*The problem*:
Using the entries below, write out the line with "-山文星辉影城(济南和谐广场店)", the line with "ешки Михайловск", and every line in between, exactly as each is written.

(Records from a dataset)
_ _ _

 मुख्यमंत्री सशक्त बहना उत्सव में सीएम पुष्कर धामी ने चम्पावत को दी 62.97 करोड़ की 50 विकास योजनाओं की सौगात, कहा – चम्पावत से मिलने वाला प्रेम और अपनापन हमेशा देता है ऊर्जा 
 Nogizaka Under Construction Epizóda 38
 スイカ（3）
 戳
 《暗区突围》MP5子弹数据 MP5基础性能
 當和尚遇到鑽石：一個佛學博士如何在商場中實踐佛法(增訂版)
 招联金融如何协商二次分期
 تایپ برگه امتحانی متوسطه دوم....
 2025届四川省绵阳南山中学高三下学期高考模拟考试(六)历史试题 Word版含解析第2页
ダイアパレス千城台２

_ _ _

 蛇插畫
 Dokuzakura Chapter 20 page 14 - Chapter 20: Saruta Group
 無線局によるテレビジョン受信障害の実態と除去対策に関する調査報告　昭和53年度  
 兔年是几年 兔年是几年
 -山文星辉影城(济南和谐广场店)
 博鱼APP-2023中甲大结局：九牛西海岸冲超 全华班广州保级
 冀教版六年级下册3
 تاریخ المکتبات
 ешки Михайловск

_ _ _

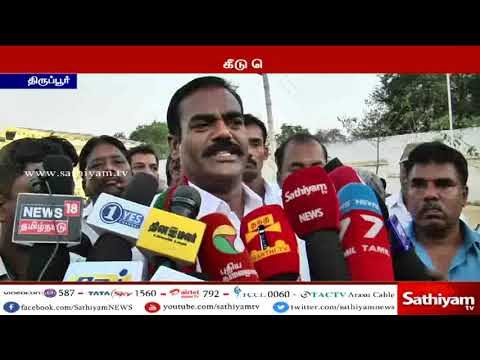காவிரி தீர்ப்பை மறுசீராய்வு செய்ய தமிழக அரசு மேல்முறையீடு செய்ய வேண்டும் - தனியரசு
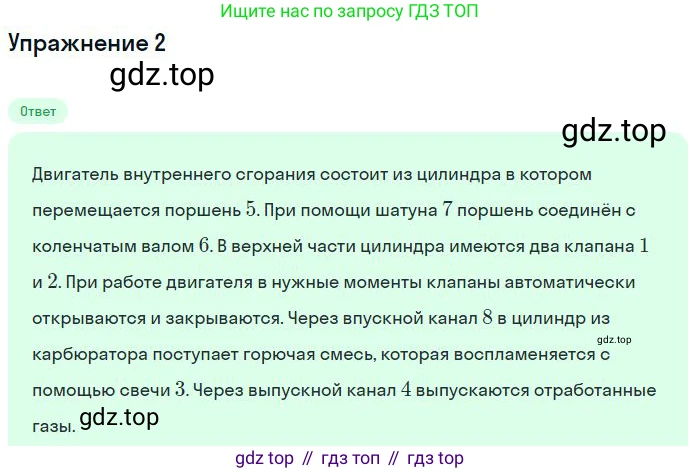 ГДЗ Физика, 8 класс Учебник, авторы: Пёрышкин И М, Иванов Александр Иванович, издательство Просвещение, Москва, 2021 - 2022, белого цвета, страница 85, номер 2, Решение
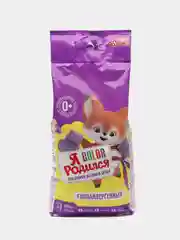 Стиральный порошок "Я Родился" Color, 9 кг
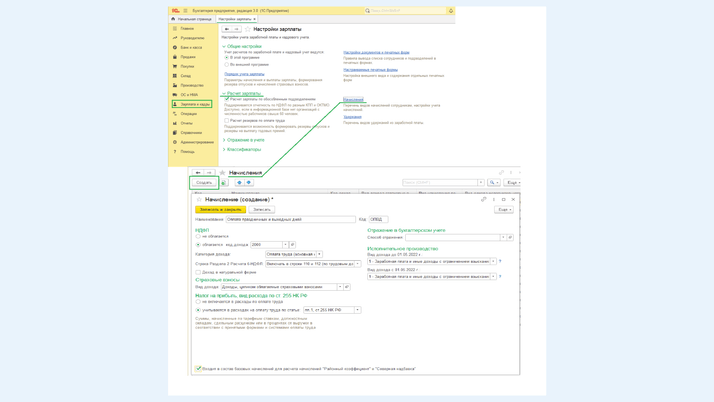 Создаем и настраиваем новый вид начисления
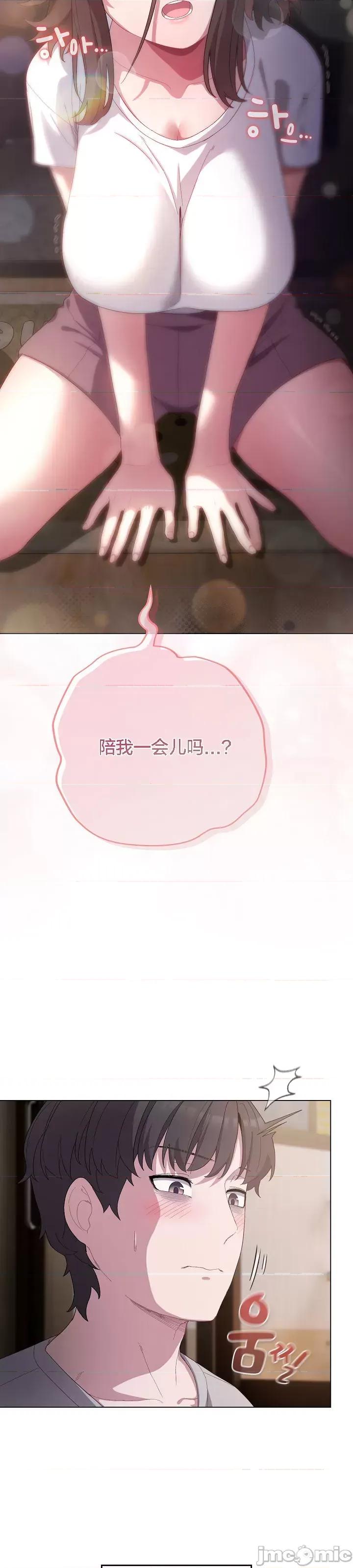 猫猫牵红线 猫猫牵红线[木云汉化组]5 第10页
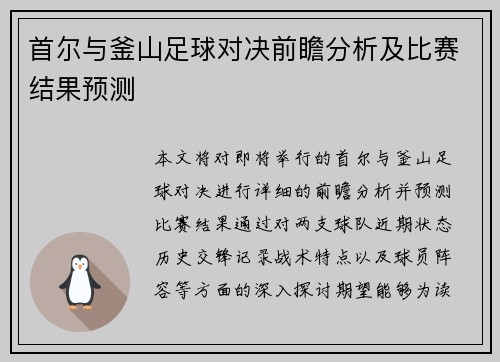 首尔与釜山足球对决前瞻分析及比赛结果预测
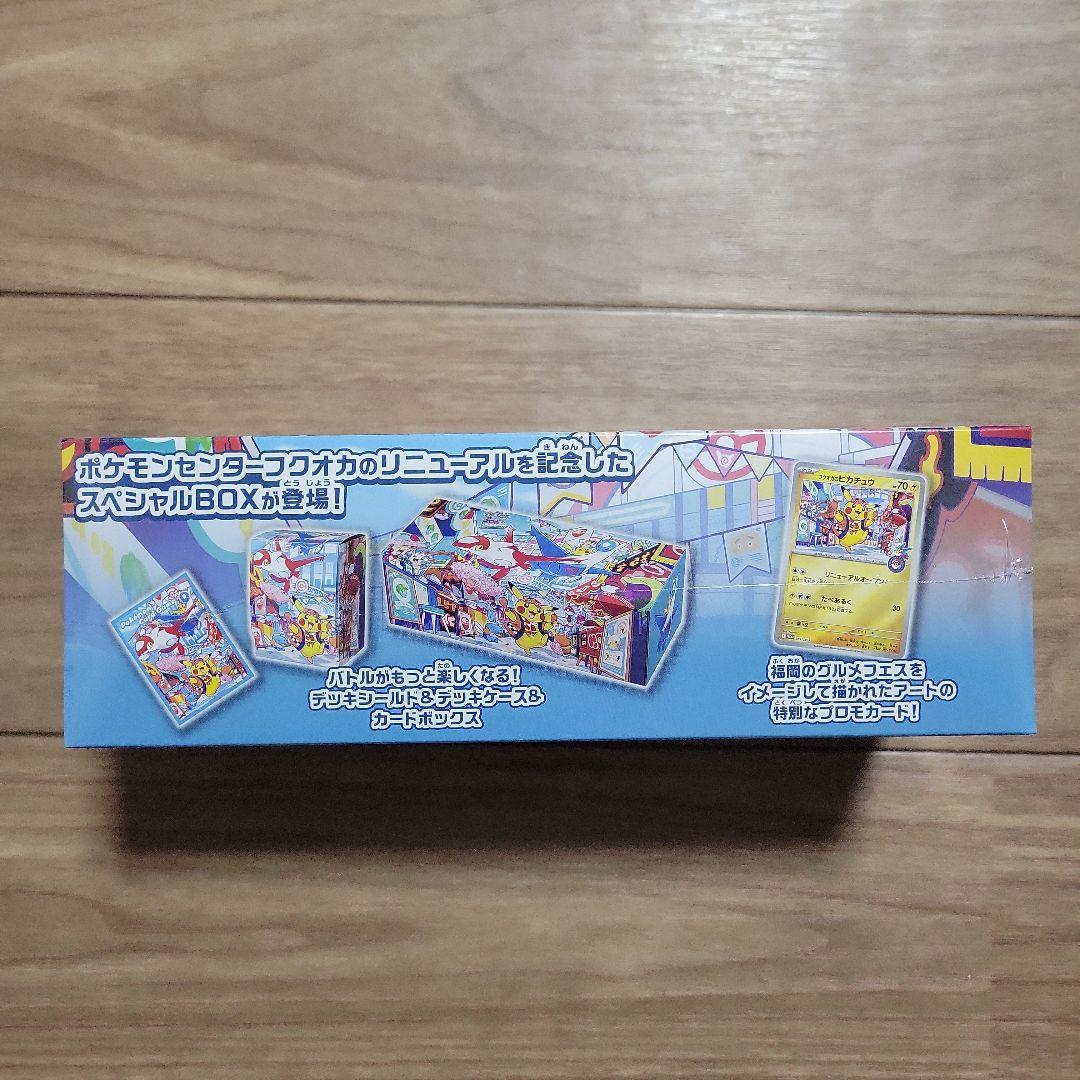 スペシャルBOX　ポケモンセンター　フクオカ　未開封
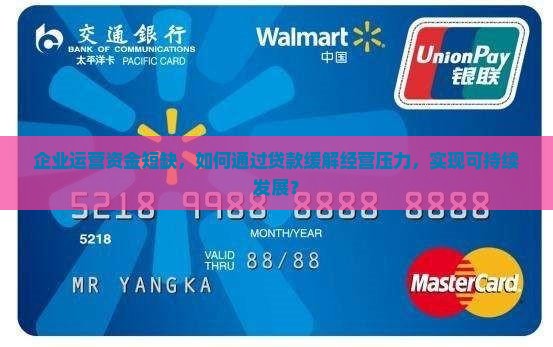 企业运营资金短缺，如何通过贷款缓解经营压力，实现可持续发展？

_ _ _

*Answer section*:
 -山文星辉影城(济南和谐广场店)
 博鱼APP-2023中甲大结局：九牛西海岸冲超 全华班广州保级
 冀教版六年级下册3
 تاریخ المکتبات
 ешки Михайловск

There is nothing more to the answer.